I have problems with registration of marriage cuse I am in italy and Pakistani dacuments required and my uk visa was refuse on entry befor and I go back to Pakistan thats same one told me I may be not allowed to apply again for eea permit but not sure whats you think


----------



## fasi25 (Aug 2, 2014)

yahya khan said:


> I have problems with registration of marriage cuse I am in italy and Pakistani dacuments required and my uk visa was refuse on entry befor and I go back to Pakistan thats same one told me I may be not allowed to apply again for eea permit but not sure whats you think


where is your wife. you she is not with you right now or she is not in UK. why you having problem getting marriage certificate. talk to your wife she will help to get these documents if she is from Italy and already in Italy then you can make your documents over there.


----------



## yahya khan (Apr 28, 2015)

I need documents from Pakistan birth certificate and marry declaration from local council and than from foreign office want to translate in Italian language and my wife is Portuguese and but I have warry with my uk bad history is it matter


----------



## yahya khan (Apr 28, 2015)

yahya khan said:


> I need documents from Pakistan birth certificate and marry declaration from local council and than from foreign office want to translate in Italian language and my wife is Portuguese and but I have warry with my uk bad history is it matter


And I need permission from Pakistani embassy too and marry here very problem of dacuments and problem 
And whats dacuments I need here to apply for eea permit do I need TB test or not ?


----------



## fasi25 (Aug 2, 2014)

yahya khan said:


> And I need permission from Pakistani embassy too and marry here very problem of dacuments and problem
> And whats dacuments I need here to apply for eea permit do I need TB test or not ?

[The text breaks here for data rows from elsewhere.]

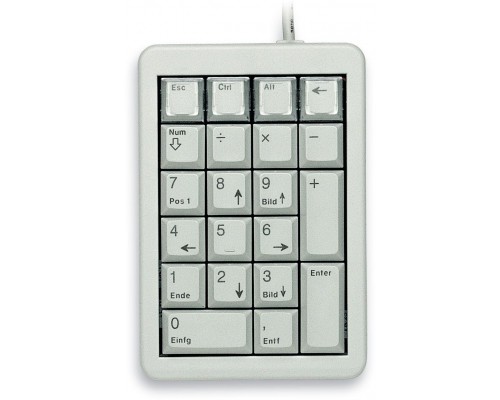 NUMERIC PAD US LAYOUT/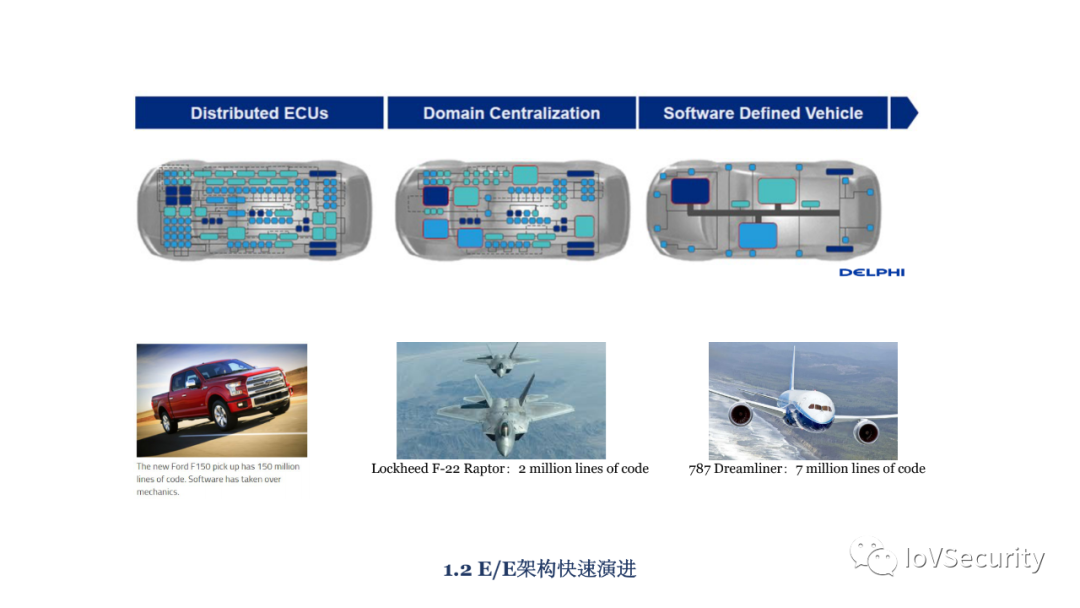車輛內部通信安全技術與應用的圖4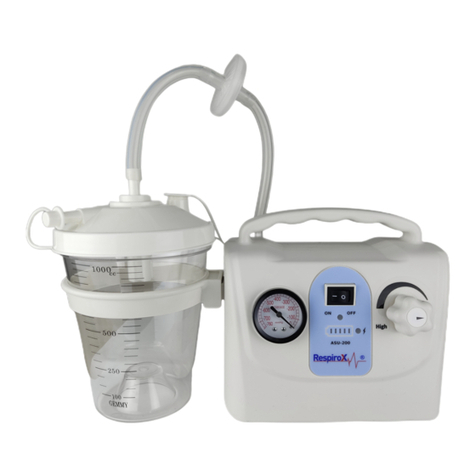 Respirox ASU-200 user manual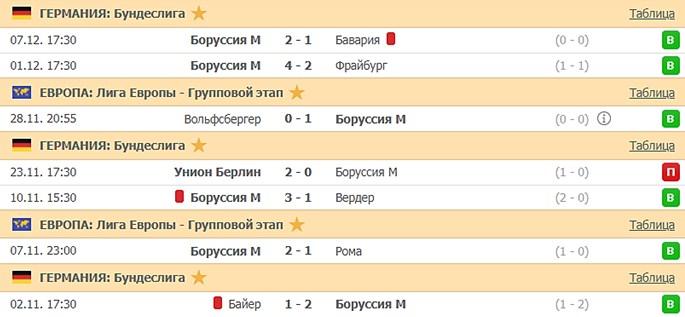 последние игры Боруссии М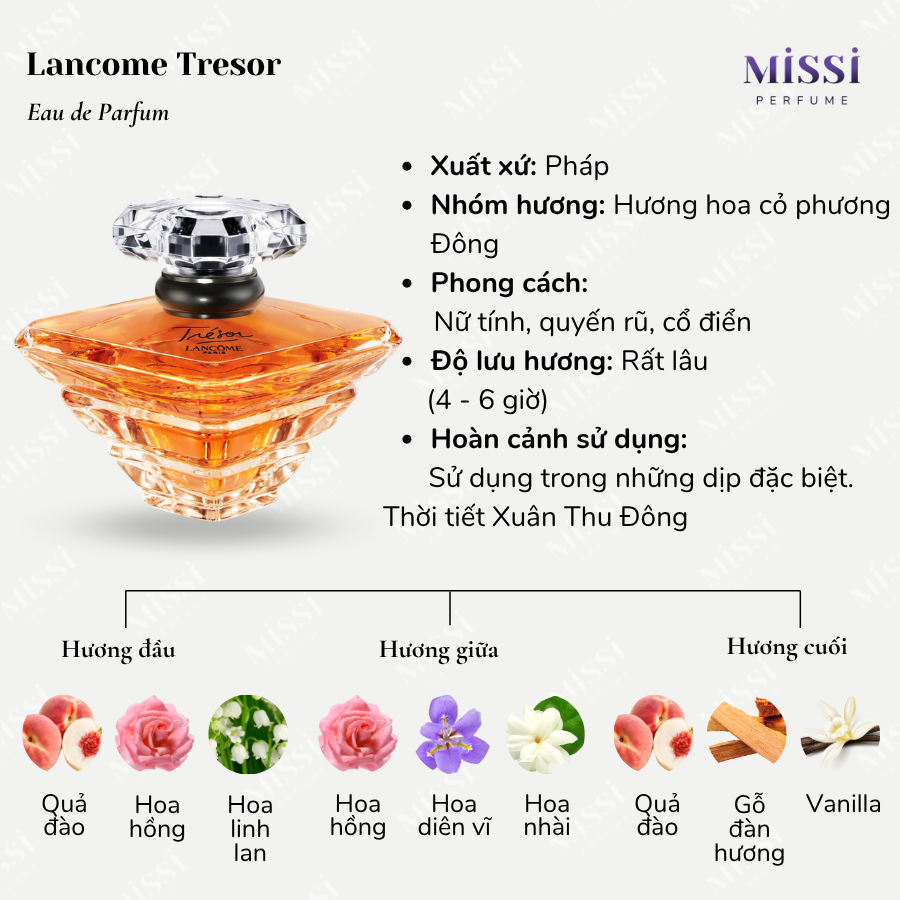 Lancome-Tresor-EDP-02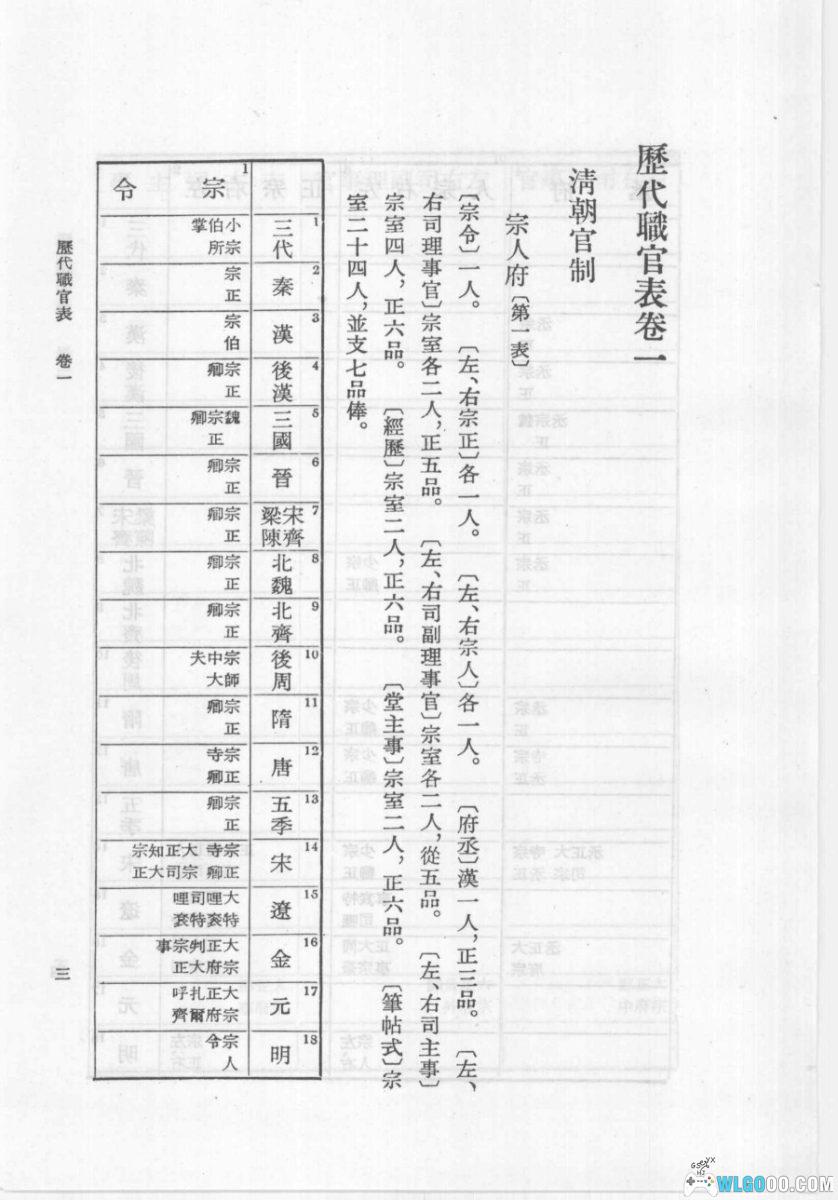 华夏王朝 历代官职表PDF（1965）｜一览古代社会职能运转-图片6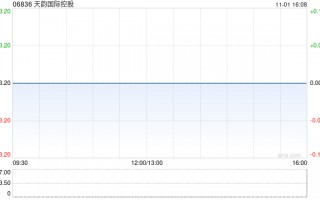 天韵国际控股接获联交所上市委员会除牌决定 继续停牌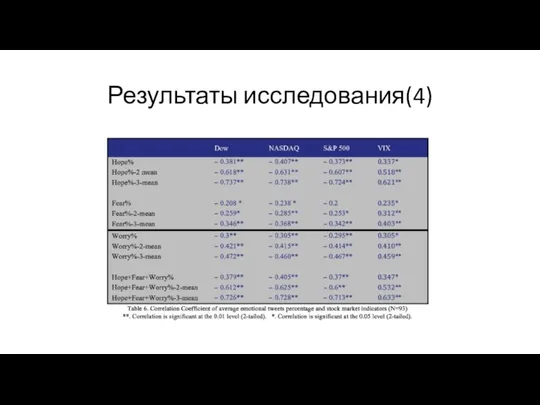 Результаты исследования(4)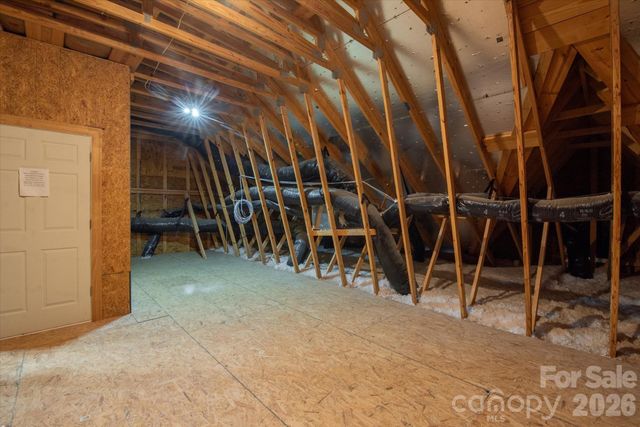 5752 Morris Hunt Drive, Fort Mill, SC 29708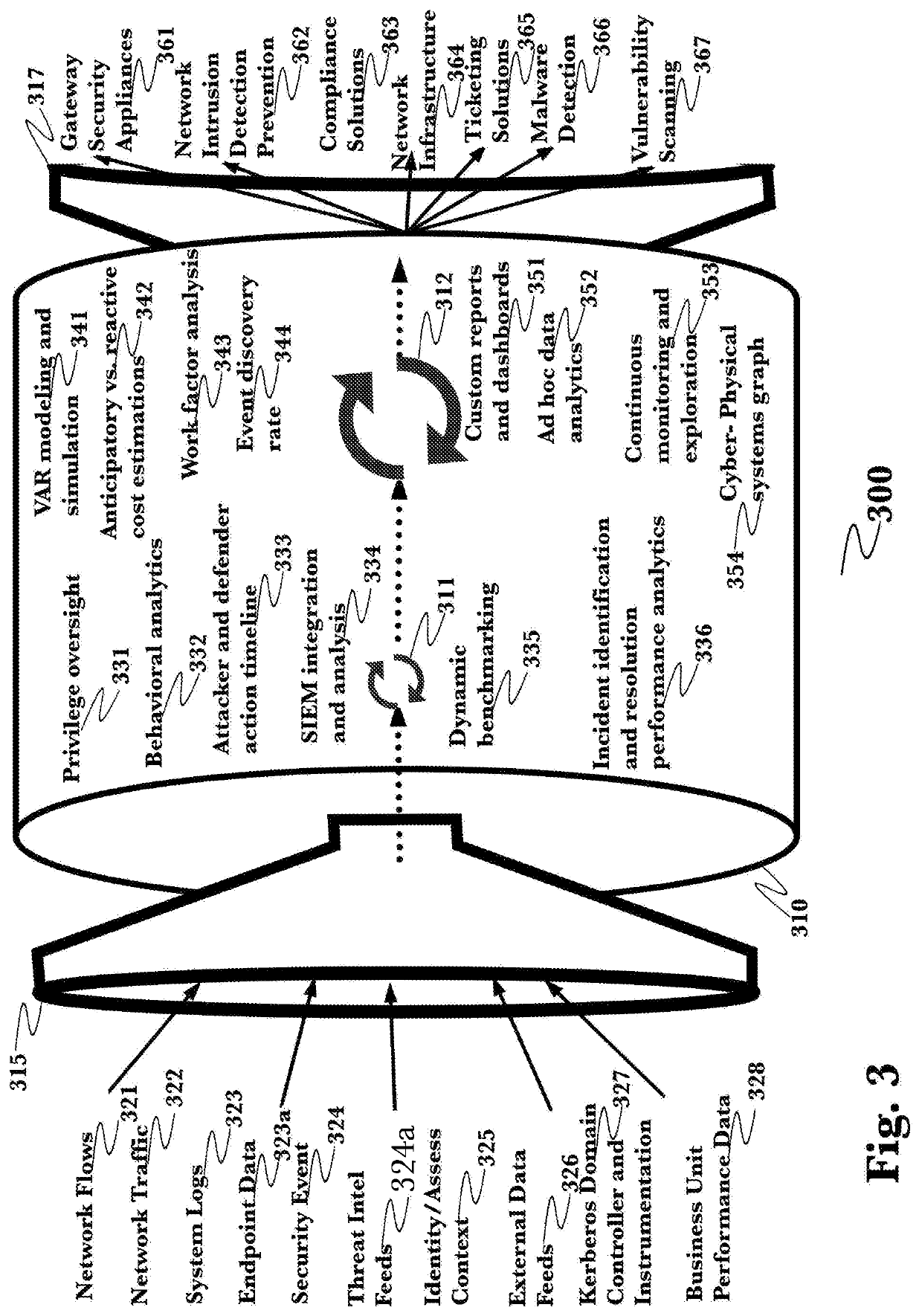 Advanced cybersecurity threat mitigation using software supply chain analysis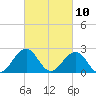 Little Creek Beach tide chart for Wednesday, March 10, 2021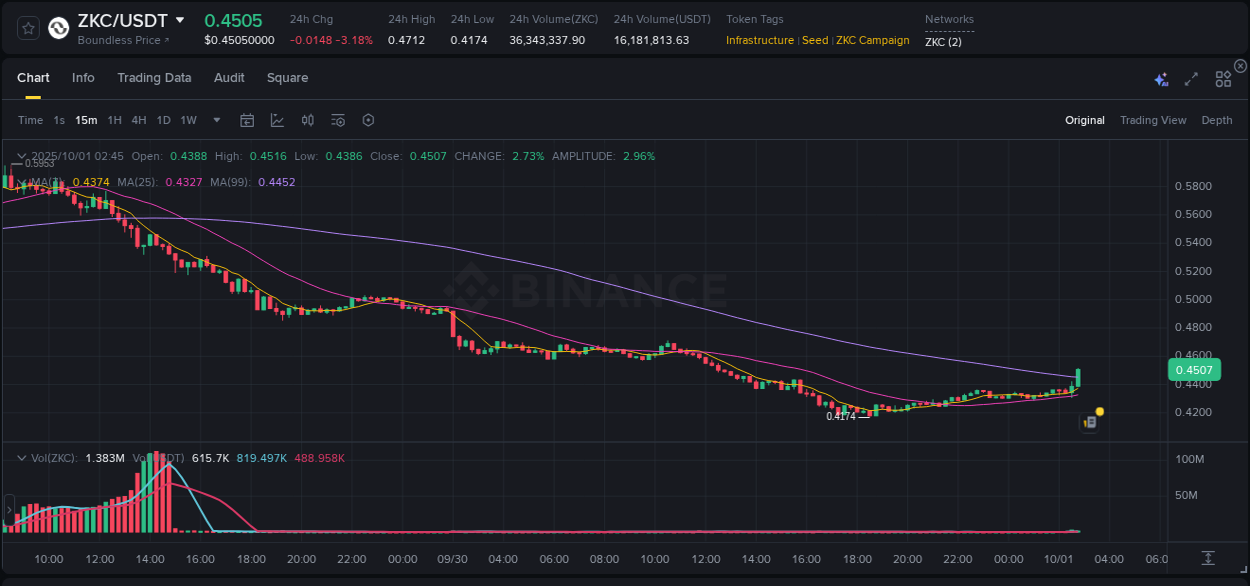 Real-time report of ZKC pump on Binance, 01 October 2025, 02:49 Real-time report of ZKC pump on Binance, 01 October 2025, 02:49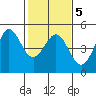 Tide chart for SE Farallon Island, California on 2022/02/5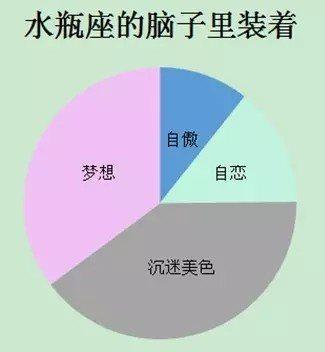 十二星座脑袋里每天在想什么 怕是只有摩羯是正常人类 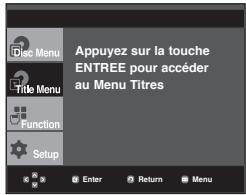 SAMSUNG DVD-P260K - Utilisation du menu Titres - 1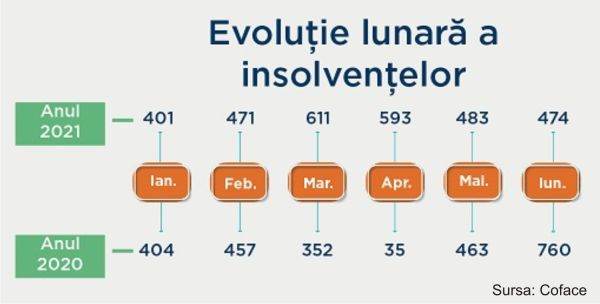 Presiune extremă pe bilanţurile firmelor din România
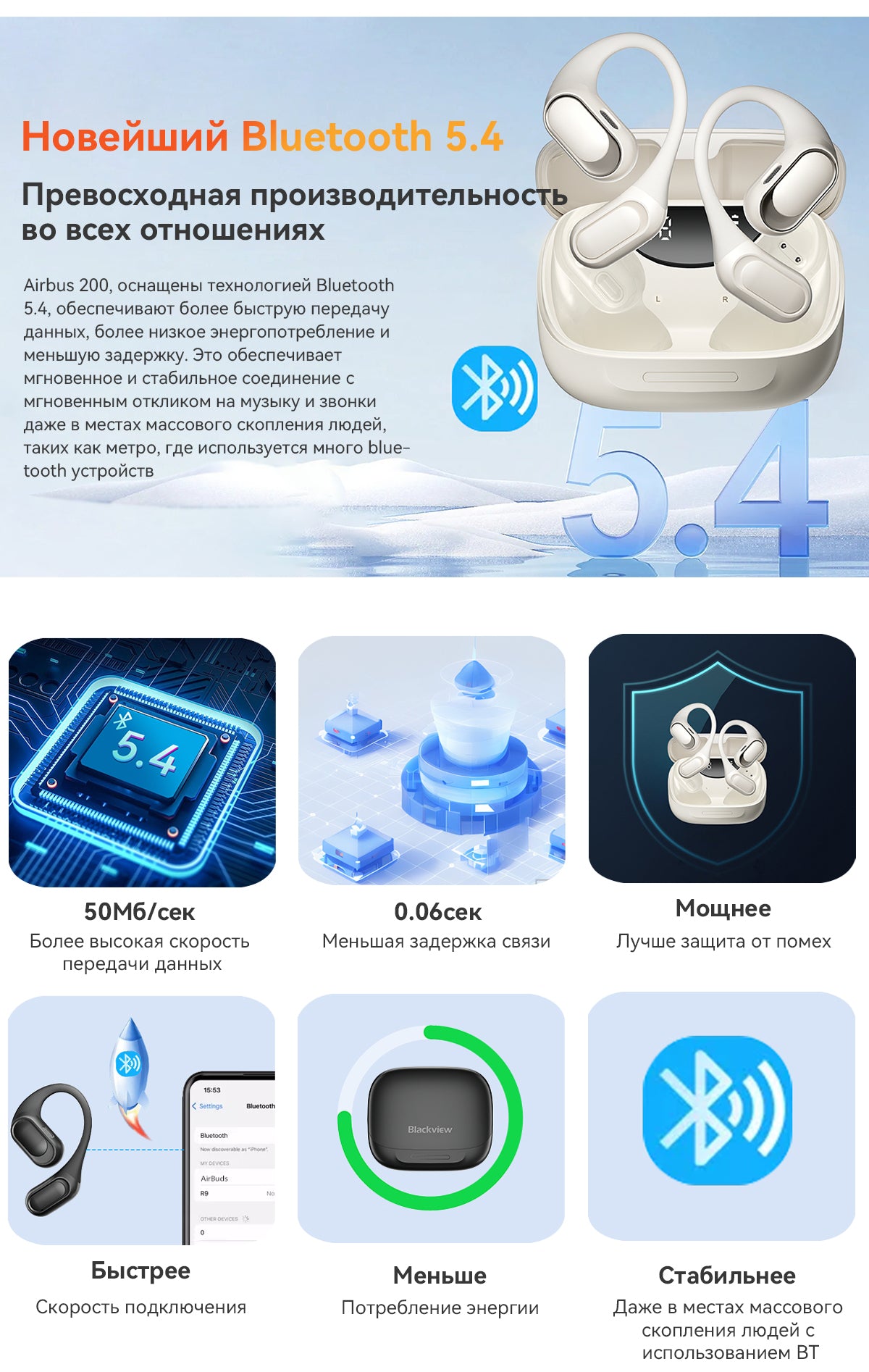 Blackview Airbuds 200 IP68 Водонепроницаемые Открытые TWS Наушники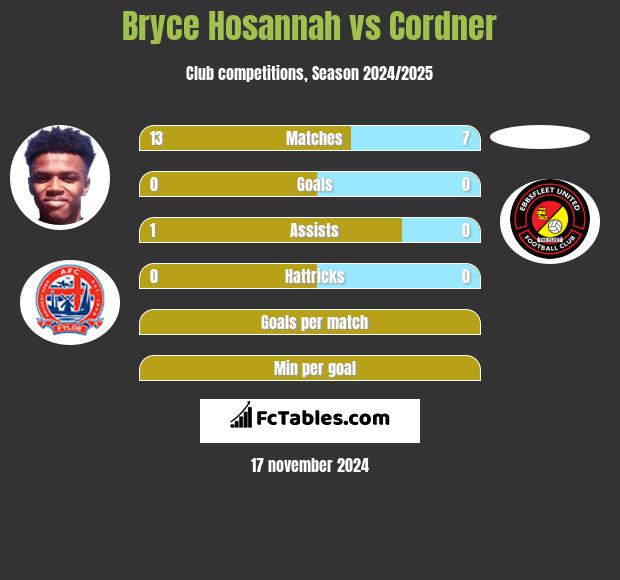 Bryce Hosannah vs Cordner h2h player stats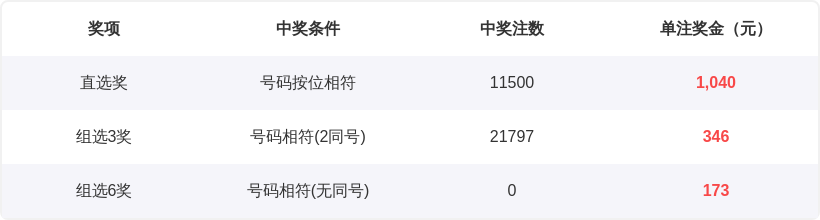 福彩,专家推荐质,合分析选号,武汉体彩,武汉体彩网,武汉体彩网官网,体育彩票,体彩大乐透,竞彩足球,体彩公益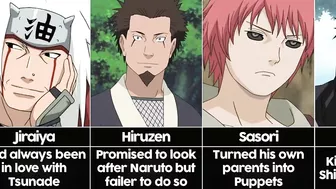 Naruto Characters Backstories I Anime Senpai Comparisons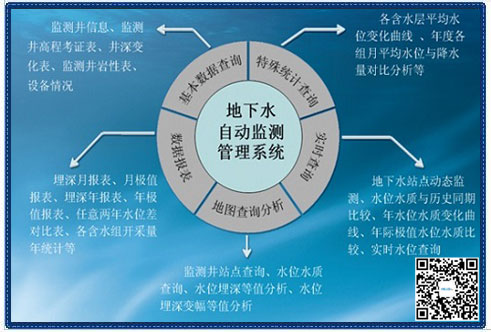 地下水质监测点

for bad history I dont know about it. and for TB test for EEA permit you dont need TB test


----------



## fasi25 (Aug 2, 2014)

David Cameron won the election. is that new changes going to happen for EEA-FP now.

any idea from any one .

thanks


----------



## Joppa (Sep 7, 2009)

What changes are you thinking of?


----------



## yahya khan (Apr 28, 2015)

Thats eea permit will be not easy as it is now and his new policy will effect all eea in uk


----------



## fasi25 (Aug 2, 2014)

Joppa said:


> What changes are you thinking of?


Hi Joppa

thanks for your reply.

I heard that David is against of EU laws. as many EU citizen coming in UK and using their resources without doing work. and I saw my self many people who doing like this in UK when I was in UK in 2011 and 12. 
I have applied for EEA-FP online on 5th of may and going to submit my documents in end of may 2015. 

my previous EEA-FP was rejected but now I have complete documents. my previous decision was Marriage of Convenience. is that gonna be effect on my new application.

many thanks in advance

fasi


----------



## fasi25 (Aug 2, 2014)

Hello Joppa

can you please guide me what to do in my new EEA-FP application as my previous application was rejected and got the decision marriage of convenience. your guide lines would be more helpful to get the visa process easy way.

thanks in advance

waiting your reply

fasi


----------



## fasi25 (Aug 2, 2014)

*Re: EEA-FP (I need guidelines)*

Hi Joppa

Hello Every One

I have submitted my EEA-FP application on 29th of May 2015. I have attached these documents.

Documents Check List	
1-	EU National Italian Passport Copy	(I tried to submit original Passport but they refused to take original EU Passport)
2-	Green Card Copy (USA Permanent Resident Card) 
3-	Pakistani Passport and ID Copies
4-	Covering Letter 
5-	Air Plane tickets (Evidence of travel from USA)	
6-	My Wife’s U.S.A Bank Statement 
7-	My Covering letter	
8-	My Original Passport (Current and Previous)	
9-	Wedding Ceremony and Wedding Anniversary Invitation card	
10-	Wedding and Casual photographs (Evidence of togetherness) 
11-	Original Pakistani Marriage Certificate In Urdu and In English Translation (certify by Foreign Affairs)	
12-	Computerized International Marriage certificate Original (certify by Foreign Affairs)	
13-	Printed and signed VAF5 application form for EEA family Permit.	
14-	My bank statement	
15-	My passport size colour photographs (white back ground)	
16-	Online Conversational Records (Evidence of togetherness) 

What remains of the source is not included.